Im Winter läuft die Pumpe eh nicht.
Und so leben meine Fische immerhin schon 10 Jahre, fast ohne das je einer gestorben wäre.
Und Schlamm ist trotz 50-60 Fischen (14000 liter) auch nach 10 Jahren kaum drin!
Also bleibt die Pumpe unten.


----------



## Mühle (12. Feb. 2007)

*AW: Position Pumpe im Teich ?*

Hallo,

ich habe auch schon mehrfach in angeblichen Fachbeiträgen gelesen, daß auf gar keinen Fall die Pumpe an die tiefste Stelle gestellt werden sollte, so holt man gerade im Sommer das sauerstoffreiche kalte Wasser an die Wasseroberfläche, erwärmt es und der Sauerstoff geht flöten  .

In den Fachbeiträgen heißt es, lieber diese Pumpe im Sommer austellen, ansonsten mehr Schaden als Nutzen.

Tja, wieder eine Frage, die man sich selbst beantworten muß.

viele Grüße

Britta


----------



## Steingarnele (12. Feb. 2007)

*AW: Position Pumpe im Teich ?*

Hi,

dazu ist aber noch zu sagen, es ist sicher auch die Frage wie Tief der Teich ist!
Ich denke das man bei einem kleinen Flachen (unter 1m Tiefe und 3000L) der noch 12h Sonne bekommt, die Pumpe weiter oben lassen sollte. Durch die Zirkulation, wird zwar auch Wasser von weiter unten gezogen, aber nicht so stark. Wobei es wieder bei einem grossen Teich 8000L> mit 1,80 und mehr egal ist.


----------



## Thorsten (12. Feb. 2007)

*AW: Position Pumpe im Teich ?*

Hallo zusammen,

1.
Pumpe im Winter ausstellen, oder ca. 50 cm oberhalb der Wasseroberfläche "hängen".

2.
Im Sommer würde ich auf jedenfall die Pumpe an der tiefsten Stelle im Teich legen, sonst macht es wenig Sinn! 
(der Mulm etc. bleibt liegen)

3.
Im übrigen ist das mit den Wasserschichten bei uns im Teich nicht so wild, 
dafür sind diese nicht tief genug um ein vermischen der Wasserschichten zu erzeugen.



@ Britta

Wer um _Gottes Willen_ sagt das die Pumpe im Sommer abgestellt werden muss/soll??
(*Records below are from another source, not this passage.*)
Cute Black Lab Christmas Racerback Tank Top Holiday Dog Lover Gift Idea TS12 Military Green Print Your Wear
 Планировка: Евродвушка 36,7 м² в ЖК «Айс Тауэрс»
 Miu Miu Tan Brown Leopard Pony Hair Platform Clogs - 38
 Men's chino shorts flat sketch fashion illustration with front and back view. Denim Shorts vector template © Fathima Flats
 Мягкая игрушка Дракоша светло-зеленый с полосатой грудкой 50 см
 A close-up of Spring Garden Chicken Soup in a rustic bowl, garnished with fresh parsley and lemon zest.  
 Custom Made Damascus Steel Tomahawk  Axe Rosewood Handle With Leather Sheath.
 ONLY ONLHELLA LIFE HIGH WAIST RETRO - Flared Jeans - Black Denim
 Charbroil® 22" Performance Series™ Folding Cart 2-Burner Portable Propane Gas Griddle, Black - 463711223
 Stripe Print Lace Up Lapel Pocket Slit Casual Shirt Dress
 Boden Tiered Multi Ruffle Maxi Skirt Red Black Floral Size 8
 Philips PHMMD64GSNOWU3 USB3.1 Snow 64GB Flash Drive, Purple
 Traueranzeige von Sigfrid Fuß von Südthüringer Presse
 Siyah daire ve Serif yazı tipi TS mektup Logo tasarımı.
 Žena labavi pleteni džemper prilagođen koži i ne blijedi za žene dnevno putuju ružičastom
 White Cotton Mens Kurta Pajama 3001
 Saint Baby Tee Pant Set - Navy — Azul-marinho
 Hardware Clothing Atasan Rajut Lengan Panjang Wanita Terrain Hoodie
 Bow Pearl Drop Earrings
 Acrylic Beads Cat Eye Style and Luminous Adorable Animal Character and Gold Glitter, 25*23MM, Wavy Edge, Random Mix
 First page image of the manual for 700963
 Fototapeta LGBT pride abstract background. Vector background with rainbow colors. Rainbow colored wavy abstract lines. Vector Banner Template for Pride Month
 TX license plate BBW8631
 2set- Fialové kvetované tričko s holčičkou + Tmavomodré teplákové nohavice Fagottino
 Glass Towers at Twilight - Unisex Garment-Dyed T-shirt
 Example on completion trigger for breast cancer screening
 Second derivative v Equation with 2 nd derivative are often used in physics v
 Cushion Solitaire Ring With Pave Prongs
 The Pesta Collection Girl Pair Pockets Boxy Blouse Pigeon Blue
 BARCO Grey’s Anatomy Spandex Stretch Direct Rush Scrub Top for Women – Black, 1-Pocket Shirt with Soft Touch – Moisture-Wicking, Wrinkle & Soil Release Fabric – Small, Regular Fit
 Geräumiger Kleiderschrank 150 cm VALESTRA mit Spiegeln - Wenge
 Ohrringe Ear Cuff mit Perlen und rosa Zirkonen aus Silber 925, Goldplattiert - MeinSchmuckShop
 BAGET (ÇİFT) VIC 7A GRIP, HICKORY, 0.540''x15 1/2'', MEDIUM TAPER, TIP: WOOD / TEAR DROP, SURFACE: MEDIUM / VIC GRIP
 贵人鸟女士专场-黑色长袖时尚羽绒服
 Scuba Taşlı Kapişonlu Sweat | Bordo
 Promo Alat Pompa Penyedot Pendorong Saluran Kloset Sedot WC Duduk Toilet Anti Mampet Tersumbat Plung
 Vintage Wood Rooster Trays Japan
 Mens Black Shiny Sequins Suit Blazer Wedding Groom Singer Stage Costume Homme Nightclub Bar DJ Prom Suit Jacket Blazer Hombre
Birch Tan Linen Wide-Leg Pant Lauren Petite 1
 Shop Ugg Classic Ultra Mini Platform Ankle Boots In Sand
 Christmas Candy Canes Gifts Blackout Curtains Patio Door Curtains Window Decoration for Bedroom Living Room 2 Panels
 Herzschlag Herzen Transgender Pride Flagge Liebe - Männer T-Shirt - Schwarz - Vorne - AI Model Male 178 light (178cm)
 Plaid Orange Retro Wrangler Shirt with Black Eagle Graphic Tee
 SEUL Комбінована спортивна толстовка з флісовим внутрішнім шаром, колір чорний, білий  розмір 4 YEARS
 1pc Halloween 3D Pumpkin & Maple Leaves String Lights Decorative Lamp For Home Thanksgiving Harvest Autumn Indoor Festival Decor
Wenn Du die Pumpe abstellst, wird der Filter nicht mehr gespeist, Bakkis gehen ein und dein Filter kannste dann wieder reinigen. 
Macht absolut *KEINEN SINN*.

Pumpe und Filter müssen rund um die Uhr laufen!!


----------



## Haitu (12. Feb. 2007)

*AW: Position Pumpe im Teich ?*

Hallo,

wenn ein System 10 Jahre zufriedenstellend läuft sollt man da nichts ändern.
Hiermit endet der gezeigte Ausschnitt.